[Stored dataset items]
[Start of section]

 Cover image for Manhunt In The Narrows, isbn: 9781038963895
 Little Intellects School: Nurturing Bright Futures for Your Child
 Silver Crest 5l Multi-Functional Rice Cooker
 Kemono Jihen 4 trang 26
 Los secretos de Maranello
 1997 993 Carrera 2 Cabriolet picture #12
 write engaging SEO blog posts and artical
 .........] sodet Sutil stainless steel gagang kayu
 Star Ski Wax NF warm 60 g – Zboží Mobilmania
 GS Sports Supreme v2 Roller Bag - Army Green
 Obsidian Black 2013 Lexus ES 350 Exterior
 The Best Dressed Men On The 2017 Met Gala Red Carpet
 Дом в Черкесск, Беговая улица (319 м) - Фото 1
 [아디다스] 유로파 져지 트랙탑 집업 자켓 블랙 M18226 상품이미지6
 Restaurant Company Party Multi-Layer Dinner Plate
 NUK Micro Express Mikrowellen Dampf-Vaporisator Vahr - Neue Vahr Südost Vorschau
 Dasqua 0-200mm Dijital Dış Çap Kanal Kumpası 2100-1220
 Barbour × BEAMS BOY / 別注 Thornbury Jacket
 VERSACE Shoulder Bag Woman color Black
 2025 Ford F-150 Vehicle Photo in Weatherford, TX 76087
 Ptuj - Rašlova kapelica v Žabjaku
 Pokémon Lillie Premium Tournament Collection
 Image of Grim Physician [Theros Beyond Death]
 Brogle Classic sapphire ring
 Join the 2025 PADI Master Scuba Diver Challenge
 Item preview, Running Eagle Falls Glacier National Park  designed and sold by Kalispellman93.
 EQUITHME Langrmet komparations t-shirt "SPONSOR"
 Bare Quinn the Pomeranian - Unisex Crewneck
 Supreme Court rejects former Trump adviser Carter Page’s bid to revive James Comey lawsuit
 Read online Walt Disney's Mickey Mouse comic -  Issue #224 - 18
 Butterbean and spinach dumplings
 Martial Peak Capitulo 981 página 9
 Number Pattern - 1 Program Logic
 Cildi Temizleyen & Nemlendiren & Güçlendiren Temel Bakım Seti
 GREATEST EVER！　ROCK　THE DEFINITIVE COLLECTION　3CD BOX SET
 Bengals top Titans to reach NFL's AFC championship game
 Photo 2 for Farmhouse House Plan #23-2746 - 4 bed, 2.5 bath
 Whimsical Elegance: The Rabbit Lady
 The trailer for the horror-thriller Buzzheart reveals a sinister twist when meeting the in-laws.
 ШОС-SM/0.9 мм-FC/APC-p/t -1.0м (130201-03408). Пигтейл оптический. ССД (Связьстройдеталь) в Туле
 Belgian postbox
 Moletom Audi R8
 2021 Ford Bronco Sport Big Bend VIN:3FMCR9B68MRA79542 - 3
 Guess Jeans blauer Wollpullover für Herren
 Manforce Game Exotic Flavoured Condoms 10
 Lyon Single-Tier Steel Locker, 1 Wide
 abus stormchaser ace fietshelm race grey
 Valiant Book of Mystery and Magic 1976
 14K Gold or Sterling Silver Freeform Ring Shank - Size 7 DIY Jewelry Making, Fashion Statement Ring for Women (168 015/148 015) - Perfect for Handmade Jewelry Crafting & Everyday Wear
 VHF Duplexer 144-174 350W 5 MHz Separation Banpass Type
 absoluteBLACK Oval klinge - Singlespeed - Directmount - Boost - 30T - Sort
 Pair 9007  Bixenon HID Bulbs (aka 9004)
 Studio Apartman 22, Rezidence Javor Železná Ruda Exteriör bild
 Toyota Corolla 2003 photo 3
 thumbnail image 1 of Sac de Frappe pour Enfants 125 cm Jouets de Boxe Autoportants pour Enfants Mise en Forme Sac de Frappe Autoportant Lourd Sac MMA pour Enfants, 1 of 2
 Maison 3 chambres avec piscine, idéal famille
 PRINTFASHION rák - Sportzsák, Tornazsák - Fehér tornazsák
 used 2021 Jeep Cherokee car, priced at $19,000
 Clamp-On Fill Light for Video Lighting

[End of section]

▶ **What to produce**:
Please give the number of lines in the entries above that hold "Multi", with no other text.

▶ **Solved problem**:
2